> TASK DESCRIPTION: Please report how many lines in the records below contain the word "Studio", giving only that number.

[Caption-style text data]
-- Opening Marker --
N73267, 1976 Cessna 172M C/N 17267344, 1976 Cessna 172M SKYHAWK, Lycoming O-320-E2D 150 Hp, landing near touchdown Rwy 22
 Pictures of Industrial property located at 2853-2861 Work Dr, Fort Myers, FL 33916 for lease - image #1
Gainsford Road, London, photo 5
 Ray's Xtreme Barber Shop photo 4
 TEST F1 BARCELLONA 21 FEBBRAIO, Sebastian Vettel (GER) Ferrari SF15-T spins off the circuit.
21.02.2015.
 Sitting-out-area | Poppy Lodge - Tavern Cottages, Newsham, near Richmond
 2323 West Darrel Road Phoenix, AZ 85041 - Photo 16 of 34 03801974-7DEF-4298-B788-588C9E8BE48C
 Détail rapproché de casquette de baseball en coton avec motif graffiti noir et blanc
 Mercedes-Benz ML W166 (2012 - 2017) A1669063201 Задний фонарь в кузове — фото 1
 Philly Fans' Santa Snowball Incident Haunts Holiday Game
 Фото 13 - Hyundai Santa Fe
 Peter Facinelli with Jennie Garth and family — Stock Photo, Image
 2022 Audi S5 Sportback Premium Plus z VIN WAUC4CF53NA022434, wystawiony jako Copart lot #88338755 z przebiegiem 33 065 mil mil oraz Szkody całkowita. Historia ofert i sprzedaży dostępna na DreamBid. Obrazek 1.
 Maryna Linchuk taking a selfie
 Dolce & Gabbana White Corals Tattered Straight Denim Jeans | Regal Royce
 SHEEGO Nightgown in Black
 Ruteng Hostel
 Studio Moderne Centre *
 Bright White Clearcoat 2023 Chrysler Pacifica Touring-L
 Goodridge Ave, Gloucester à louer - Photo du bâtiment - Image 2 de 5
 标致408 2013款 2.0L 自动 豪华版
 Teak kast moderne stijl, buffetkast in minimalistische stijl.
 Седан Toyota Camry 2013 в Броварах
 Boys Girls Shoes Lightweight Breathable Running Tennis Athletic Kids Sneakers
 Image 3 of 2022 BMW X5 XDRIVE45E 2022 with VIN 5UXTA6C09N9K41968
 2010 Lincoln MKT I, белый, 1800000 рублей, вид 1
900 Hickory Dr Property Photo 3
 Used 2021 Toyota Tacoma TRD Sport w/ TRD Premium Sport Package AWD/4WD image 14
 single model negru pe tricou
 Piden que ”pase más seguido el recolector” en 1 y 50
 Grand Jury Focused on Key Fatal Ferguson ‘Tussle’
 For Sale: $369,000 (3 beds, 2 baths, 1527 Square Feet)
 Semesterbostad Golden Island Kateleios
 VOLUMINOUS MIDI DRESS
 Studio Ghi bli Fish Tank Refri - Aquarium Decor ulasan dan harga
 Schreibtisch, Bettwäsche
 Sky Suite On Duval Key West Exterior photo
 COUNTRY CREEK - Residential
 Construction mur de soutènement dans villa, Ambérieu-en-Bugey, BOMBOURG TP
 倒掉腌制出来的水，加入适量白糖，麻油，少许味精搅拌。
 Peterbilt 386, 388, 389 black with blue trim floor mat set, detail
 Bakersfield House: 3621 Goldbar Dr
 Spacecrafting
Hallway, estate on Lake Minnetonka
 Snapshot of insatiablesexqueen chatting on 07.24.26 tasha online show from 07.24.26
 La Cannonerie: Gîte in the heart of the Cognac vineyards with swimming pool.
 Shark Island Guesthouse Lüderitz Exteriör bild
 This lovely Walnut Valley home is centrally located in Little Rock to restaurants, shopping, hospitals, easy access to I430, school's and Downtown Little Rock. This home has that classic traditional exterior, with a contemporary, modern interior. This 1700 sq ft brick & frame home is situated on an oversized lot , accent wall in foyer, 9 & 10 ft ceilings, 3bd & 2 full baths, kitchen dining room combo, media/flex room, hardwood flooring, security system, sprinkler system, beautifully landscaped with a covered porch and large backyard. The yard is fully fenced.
-- Closing Marker --
> WRITTEN ANSWER: 2